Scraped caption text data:
BEGIN

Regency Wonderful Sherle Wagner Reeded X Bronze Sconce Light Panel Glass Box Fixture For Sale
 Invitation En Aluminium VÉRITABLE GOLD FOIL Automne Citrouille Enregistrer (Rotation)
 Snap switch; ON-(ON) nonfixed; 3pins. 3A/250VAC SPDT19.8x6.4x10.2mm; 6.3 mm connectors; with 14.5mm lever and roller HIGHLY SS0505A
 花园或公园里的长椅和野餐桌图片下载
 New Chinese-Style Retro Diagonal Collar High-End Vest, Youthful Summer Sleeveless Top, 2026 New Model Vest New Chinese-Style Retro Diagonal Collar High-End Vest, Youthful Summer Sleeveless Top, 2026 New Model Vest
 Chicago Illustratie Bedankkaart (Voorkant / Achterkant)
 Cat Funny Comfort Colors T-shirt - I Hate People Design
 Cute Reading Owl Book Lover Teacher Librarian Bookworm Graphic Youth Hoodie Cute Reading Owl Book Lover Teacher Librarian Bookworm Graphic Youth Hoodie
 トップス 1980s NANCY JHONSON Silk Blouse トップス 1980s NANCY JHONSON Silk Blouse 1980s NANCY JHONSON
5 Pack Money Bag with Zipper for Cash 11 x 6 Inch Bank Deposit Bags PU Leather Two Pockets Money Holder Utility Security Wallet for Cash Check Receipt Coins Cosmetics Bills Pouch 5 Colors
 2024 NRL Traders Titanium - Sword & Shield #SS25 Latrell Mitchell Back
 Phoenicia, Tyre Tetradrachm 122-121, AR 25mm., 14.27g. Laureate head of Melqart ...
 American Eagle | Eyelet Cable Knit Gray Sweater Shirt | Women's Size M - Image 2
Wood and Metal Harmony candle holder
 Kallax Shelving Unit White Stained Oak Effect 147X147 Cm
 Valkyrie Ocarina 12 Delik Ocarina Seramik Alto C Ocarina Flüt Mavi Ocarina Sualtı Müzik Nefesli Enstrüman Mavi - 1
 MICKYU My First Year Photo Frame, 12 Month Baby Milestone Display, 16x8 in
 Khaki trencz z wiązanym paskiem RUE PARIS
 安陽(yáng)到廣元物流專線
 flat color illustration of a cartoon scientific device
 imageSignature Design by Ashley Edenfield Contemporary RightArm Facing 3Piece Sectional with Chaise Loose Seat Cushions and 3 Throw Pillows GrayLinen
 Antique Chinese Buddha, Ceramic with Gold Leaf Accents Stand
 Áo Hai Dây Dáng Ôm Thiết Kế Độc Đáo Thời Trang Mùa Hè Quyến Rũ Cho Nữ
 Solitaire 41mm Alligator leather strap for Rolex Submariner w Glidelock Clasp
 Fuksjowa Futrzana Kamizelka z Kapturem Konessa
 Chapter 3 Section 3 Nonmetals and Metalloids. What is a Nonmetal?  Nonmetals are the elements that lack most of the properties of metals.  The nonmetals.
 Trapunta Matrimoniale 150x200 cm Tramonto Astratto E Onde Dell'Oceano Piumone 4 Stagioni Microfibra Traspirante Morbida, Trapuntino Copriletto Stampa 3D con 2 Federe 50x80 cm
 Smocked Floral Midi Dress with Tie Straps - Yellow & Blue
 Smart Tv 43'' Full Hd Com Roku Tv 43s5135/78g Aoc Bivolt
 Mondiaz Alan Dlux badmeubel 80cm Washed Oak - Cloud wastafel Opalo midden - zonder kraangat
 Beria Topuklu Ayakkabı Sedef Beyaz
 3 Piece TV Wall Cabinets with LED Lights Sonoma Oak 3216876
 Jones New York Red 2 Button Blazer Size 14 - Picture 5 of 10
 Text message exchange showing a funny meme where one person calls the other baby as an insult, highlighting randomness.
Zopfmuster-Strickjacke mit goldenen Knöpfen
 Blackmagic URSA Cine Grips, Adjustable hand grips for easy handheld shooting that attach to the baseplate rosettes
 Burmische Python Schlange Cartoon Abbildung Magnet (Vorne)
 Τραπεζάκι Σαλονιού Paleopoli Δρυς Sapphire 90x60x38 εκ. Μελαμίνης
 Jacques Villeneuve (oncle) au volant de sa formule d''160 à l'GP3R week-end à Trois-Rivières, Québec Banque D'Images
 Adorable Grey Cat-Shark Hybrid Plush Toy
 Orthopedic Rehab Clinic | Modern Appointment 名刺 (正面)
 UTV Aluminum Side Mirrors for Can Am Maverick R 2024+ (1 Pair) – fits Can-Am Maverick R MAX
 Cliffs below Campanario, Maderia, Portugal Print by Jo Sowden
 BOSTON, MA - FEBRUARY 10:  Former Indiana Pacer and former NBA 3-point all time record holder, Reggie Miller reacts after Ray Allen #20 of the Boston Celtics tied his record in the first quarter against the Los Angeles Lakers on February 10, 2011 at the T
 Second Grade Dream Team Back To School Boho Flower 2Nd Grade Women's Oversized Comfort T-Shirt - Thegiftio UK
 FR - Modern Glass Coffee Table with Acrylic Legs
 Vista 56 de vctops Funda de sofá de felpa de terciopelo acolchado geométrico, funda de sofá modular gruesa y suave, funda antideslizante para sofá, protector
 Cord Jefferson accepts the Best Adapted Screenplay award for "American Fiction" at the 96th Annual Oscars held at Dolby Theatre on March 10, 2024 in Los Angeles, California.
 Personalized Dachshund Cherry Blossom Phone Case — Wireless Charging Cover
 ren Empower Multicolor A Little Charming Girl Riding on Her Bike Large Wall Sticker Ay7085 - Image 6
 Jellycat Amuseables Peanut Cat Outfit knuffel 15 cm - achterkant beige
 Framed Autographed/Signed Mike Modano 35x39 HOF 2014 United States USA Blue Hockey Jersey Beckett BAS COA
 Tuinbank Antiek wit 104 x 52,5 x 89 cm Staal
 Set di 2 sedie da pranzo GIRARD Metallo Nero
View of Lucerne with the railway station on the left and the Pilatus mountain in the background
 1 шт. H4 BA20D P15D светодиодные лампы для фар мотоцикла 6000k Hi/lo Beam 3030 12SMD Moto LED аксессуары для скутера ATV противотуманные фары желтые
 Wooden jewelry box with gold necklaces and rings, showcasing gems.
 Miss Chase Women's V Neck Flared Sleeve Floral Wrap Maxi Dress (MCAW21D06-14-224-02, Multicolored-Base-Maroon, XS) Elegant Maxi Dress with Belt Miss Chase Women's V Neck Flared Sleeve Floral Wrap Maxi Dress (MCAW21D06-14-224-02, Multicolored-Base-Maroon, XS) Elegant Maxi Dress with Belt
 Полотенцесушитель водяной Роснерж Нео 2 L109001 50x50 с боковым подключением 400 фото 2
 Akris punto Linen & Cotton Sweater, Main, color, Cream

END

*Goal of the exercise*. Exactly the lines above from the one with "Jones New York" to the one with "Zopfmuster-Strickjacke mit goldenen Knöpfen", both included, are to be quoted; leave the rest out.

*Solution for this exercise*.
 Jones New York Red 2 Button Blazer Size 14 - Picture 5 of 10
 Text message exchange showing a funny meme where one person calls the other baby as an insult, highlighting randomness.
Zopfmuster-Strickjacke mit goldenen Knöpfen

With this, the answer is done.